Uitspraak
RECHTBANK DEN HAAG
uitspraak van de enkelvoudige kamer van 23 juni 2021 in de zaak tussen
[eiser], eiser, V-nummer [V-nummer]
de staatssecretaris van Justitie en Veiligheid, verweerder
Procesverloop
Overwegingen
Rechtbank Den Haag
In deze zaak heeft de Rechtbank Den Haag op 23 juni 2021 uitspraak gedaan in een bestuursrechtelijke procedure tussen een eiser met de Egyptische nationaliteit en de staatssecretaris van Justitie en Veiligheid. De eiser had een aanvraag ingediend voor een verblijfsvergunning regulier voor bepaalde tijd, maar deze aanvraag werd afgewezen omdat hij geen machtiging tot voorlopig verblijf (mvv) bezat. De rechtbank oordeelde dat de eiser niet kon worden vrijgesteld van het mvv-vereiste, omdat uit zijn Italiaanse verblijfsvergunning niet bleek dat hij een langdurig ingezetene uit een EU-lidstaat was. Bovendien was de Italiaanse verblijfsvergunning van eiser verlopen, en had hij niet aangetoond dat hij een verlenging had aangevraagd.

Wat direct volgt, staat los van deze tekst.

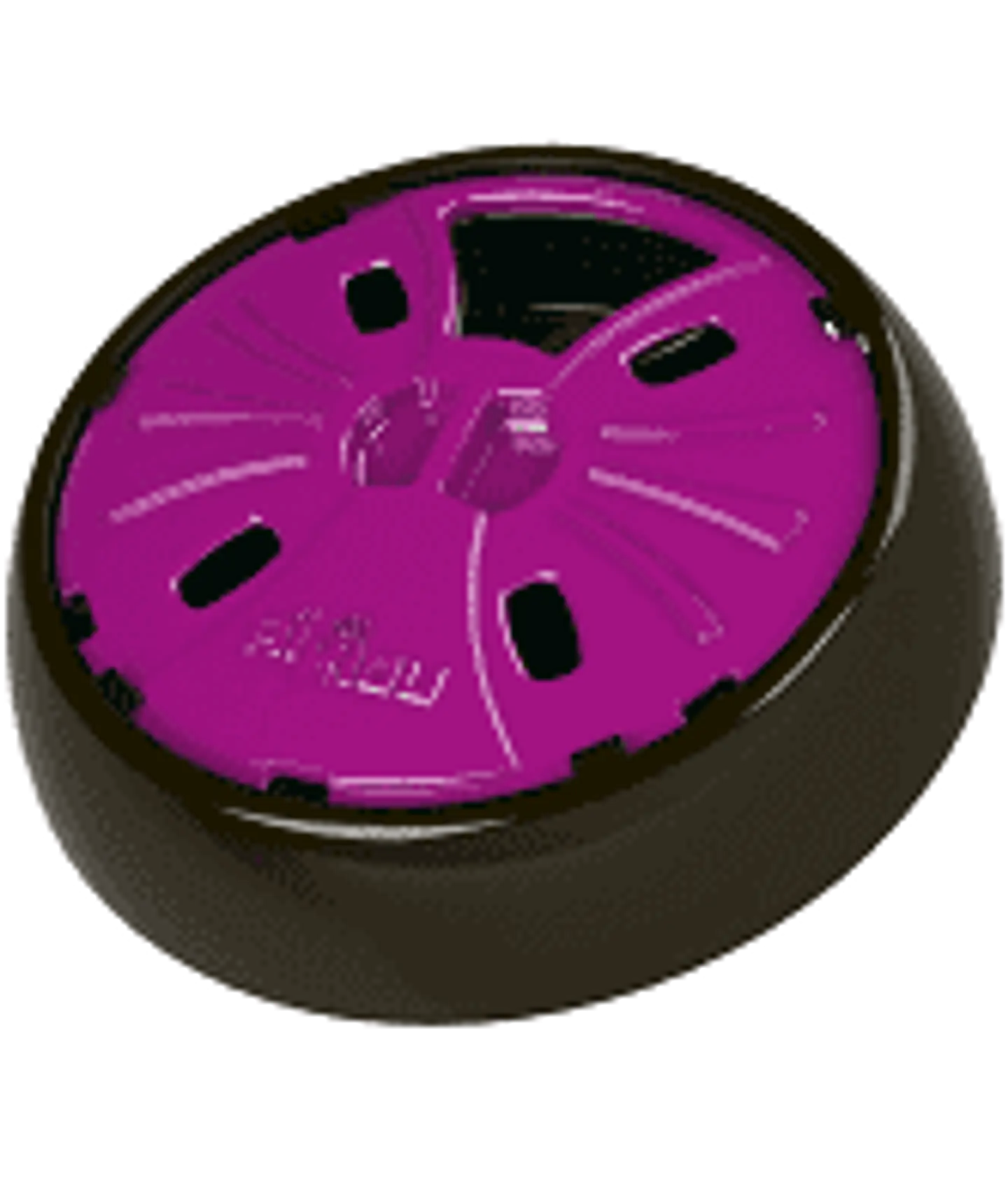 Comedero Interactivo Redondo  2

De rechtbank heeft ook het beroep van eiser op artikel 8 van het EVRM, dat het recht op respect voor privé- en gezinsleven waarborgt, afgewezen. De rechtbank oordeelde dat verweerder in redelijkheid kon stellen dat er geen sprake was van familieleven tussen eiser en zijn referente, omdat eiser niet had aangetoond dat er een duurzame en exclusieve relatie bestond. De rechtbank concludeerde dat de beroepsgronden van eiser niet slagen en verklaarde het beroep ongegrond.
De zitting vond plaats op 10 juni 2021 via een Skype-beeldverbinding, waarbij eiser en zijn gemachtigde niet verschenen. De uitspraak werd openbaar uitgesproken op 23 juni 2021 door rechter M.D. Gunster, in aanwezigheid van griffier A.M. Petersen.